Similarity Algorithms

Syntactic Similarity

The syntactic similarity algorithms exclusively focus on the representational features of text. The most dominant of these features is the set of tokens (character and words) being used. Different syntactic similarity algorithms exploit these features differently to provide a measure of similarity between an input text pair. The similarity is measured based on a scale of 0 to 1, where 1 represents the best possible match, and 0 indicates the no match scenario. In addition the base algorithms, we also utilize the approach of character and/or word based shingles to add context for increasing the similarity accuracy. The following syntactic similarity algorithms are supported:

1. syn.cosine-with-shingles: This represents the combination of applying character-based shingles to the classic cosine similarity algorithm.
2. syn.sorensen_dice-shingles: This represents the combination of applying character-based shingles to the classic Sørensen–Dice coefficient algorithm.
3. syn.jw-shingles: This represents the combination of applying character-based shingles to the classic Jaro–Winkler algorithm that is similar in nature to edit distance based measures.
4. syn.cosine-word: This represents the combination of applying word-based shingles to the classic cosine similarity algorithm.
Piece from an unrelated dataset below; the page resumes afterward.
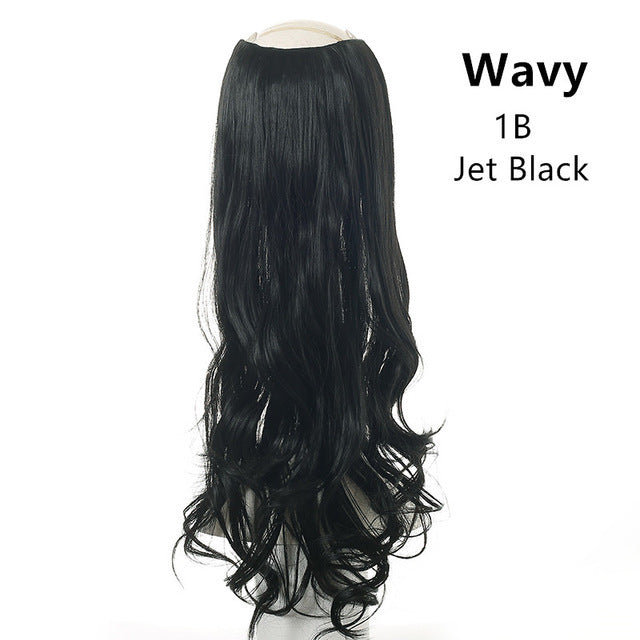Wavy U Part Wig for Women – Clip-In Hair Extension, Invisible Half Wig, Long Blonde/Black Synthetic Hairpiece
Compared to the syn.cosine-with-shingles, this algorithm will produce less false positives for larger text pieces.
5. syn.simple: A Semantax proprietary algorithm that is optimized for comparison speed and accuracy. It is based on the cosine similarity algorithm and it combines both character and word based shingles.
6. syn.weighted-word: A Semantax proprietary algorithm that is optimized for comparison speed and accuracy. It is based on the classic [Jaro–Winkler] algorithm. Both character and word based shingles are combined in a weighted capacity to increase the impact of term-frequency.
7. syn.sentence: A Semantax proprietary algorithm derived from the classic cosine similarity algorithm. The main feature of this algorithm is the inclusion of NLP (natural language processing) primitives for higher accuracy of similarity comparisons. NLP processing includes lemmatization/stemming, term normalization etc. This algorithm is best suited for a single sentence, or a couple of short sentences as input.
8. syn.paragraph: A Semantax proprietary algorithm that extends syn.sentence to compare a pair of input paragraphs (a set of sentences). In addition to the syn.sentence features, this algorithm also includes a weighted Jaccard Similarity score of the overlapping sentences across the input pair.

Semantic Similarity

The semantic similarity algorithms focus on comparing the input text pair based on the main concepts present in the text regardless of the words used to represent these concepts. Roughly speaking it is similar to comparing the meaning of the two sentences independent of the words used. See here for more details. Our semantic similarity algorithms are created using modern deep learning based word embeddings trained on enterprise corpus of sample documents. The models are trained on single sentences, and/or short paragraphs as input, and therefore work best for content size in that range.

All of our semantic similarity algorithms support multi and cross lingual scenarios, where the input text pair can be expressed in any of the supported languages (for example en-en, en-fr, en-es, fr-fr, fr-es etc.). The following semantic similarity algorithms are supported:

1. sem.ssm: The default semantic similarity algorithm that offers the best combination of speed and accuracy with an emphasis on english-to-english common language input pairs.
2. sem.ssm14: This semantic similarity model is trained on data from government, insurance and banking industry verticals. The model is optimized for speed but provides a good level of over all accuracy.
3. sem.ssm20: Similar to sem.ssm14, this model is build on a much larger input corpus.
4. sem.ssm28: Builds on the same approach as the previous two models but also includes basic support for higher semantic relationships such as negation.
5. sem.ssm30: Similar to ssm28, with better similarity score distribution.